House - medieval, Inishcaltra, Co. Clare
Co. Clare |
House
Beneath the hearthstone of a medieval house on a small island in Lough Derg, someone had buried twenty-one coins and then, apparently, said nothing more about it.
The house itself has long since disappeared above ground, but excavation in 1974 revealed its outline on Inis Cealtra, the island sometimes called Holy Island, roughly twenty-eight metres south-south-west of the site's distinctive round tower. What emerged was a circular structure about ten metres in diameter, divided internally by straight partitions, furnished with a central hearth, and fitted with a projecting porch on its south-western side.

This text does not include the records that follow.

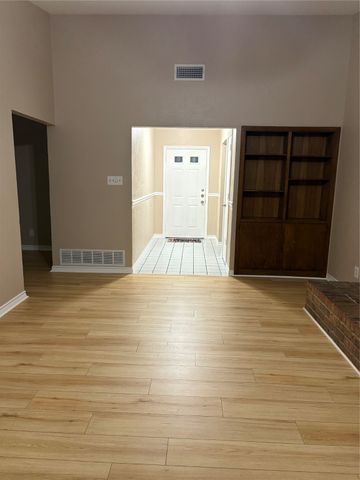 4025 Emerald Drive, Mesquite, TX 75150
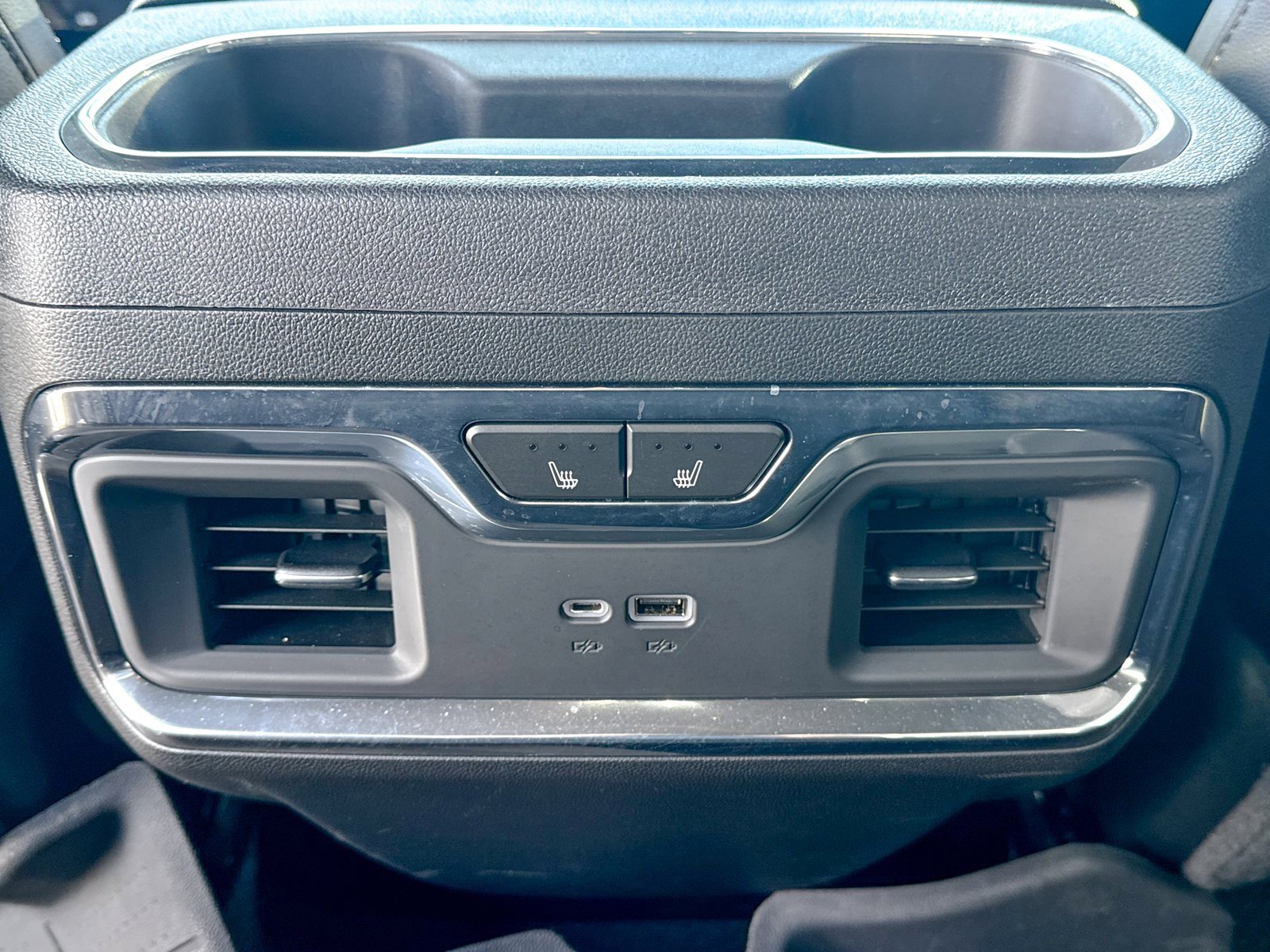 Certified 2022 Chevrolet Silverado 1500 High Country w/ High Country Premium Package image 20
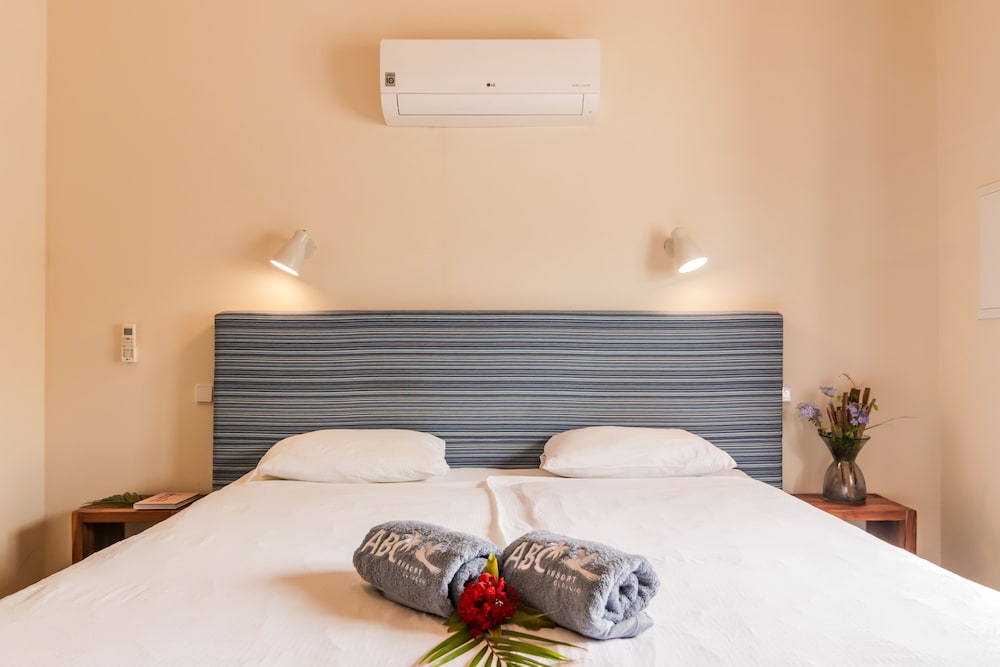 Abc Apartments Curacao 12/60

The construction technique was notably unusual. Rather than sinking posts into the ground in the conventional way, the builders appear to have rested large timber uprights, perhaps thirty centimetres in diameter, on surface pads of some kind. Around these ran a slotted outer frame, the ghost of which survived as a dark brown stain in the soil, along with small wattle-holes suggesting lighter timber or woven panels filled in the walls. The result was a building whose structural weight sat on the ground rather than being anchored into it, a method that left a surprisingly legible trace for excavators working some eight centuries later. The coin hoard found beneath the hearth places the house broadly within the Norman period in Ireland. One coin dated to the reign of King Stephen (1135 to 1154), while the remaining twenty were issued under Henry II (1154 to 1189). All twenty-one were described as very worn, meaning they had been in circulation for some time before they were concealed. Whether they were buried for safekeeping and never retrieved, or deposited deliberately as part of some other practice, is not recorded.